__PROBLEM DETAILS__
Take nothing but the lines from the one with "2E 5xSchuko, 3м (2E-U05ESM3) (UA)" through the one with "بيفرلي هيلز بولو" in the entries below, both ends kept, and return them exactly with pictures left out.

__RECORDS__
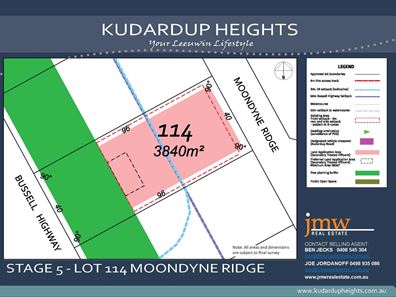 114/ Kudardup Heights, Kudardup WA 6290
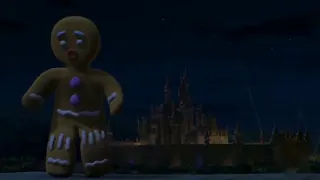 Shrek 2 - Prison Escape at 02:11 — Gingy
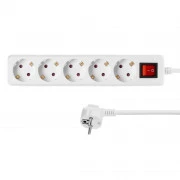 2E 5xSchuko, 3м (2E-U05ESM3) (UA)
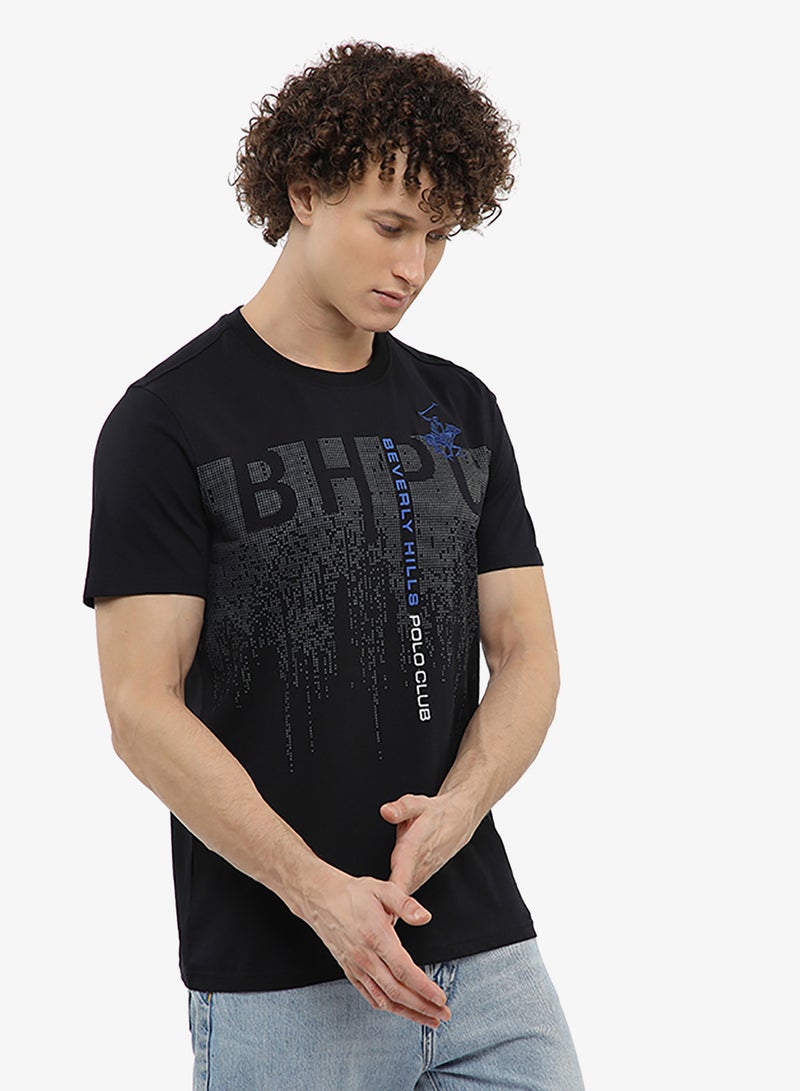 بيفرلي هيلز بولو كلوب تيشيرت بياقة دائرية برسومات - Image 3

--

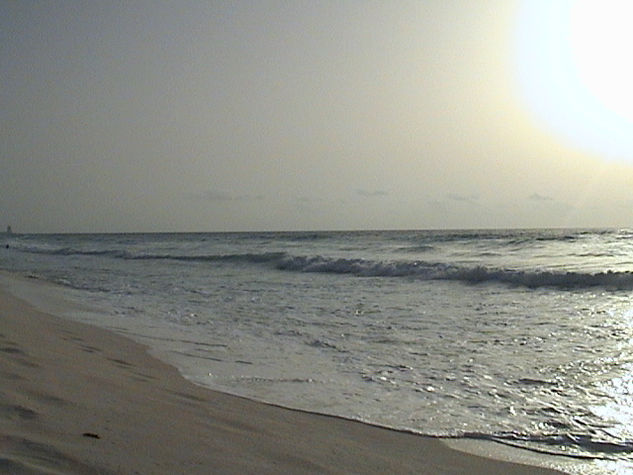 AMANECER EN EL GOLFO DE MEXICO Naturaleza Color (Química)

__YOUR SOLUTION__
 2E 5xSchuko, 3м (2E-U05ESM3) (UA)
 بيفرلي هيلز بولو كلوب تيشيرت بياقة دائرية برسومات - Image 3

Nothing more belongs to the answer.